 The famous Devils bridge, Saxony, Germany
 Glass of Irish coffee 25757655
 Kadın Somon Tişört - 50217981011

————

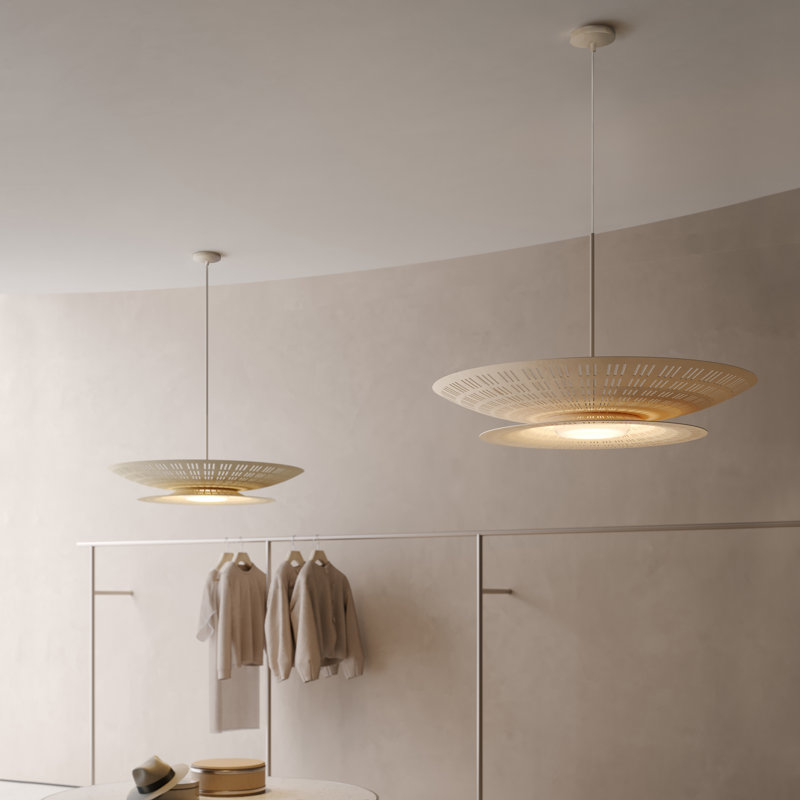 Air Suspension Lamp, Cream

————

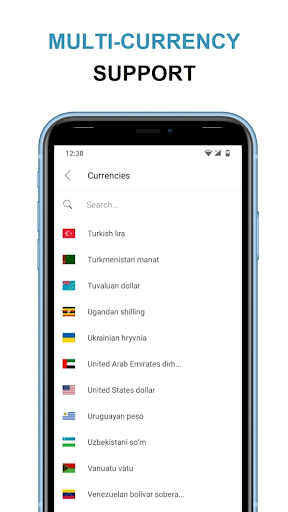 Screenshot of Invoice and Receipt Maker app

————

[Required action]:
Reproduce exactly the section above that begins at the line containing "The famous Devils bridge, Saxony, Germany" and ends at the line containing "Kadın Somon Tişört - 50217981011", leaving out all other lines.

[Result below]:
 The famous Devils bridge, Saxony, Germany
 Glass of Irish coffee 25757655
 Kadın Somon Tişört - 50217981011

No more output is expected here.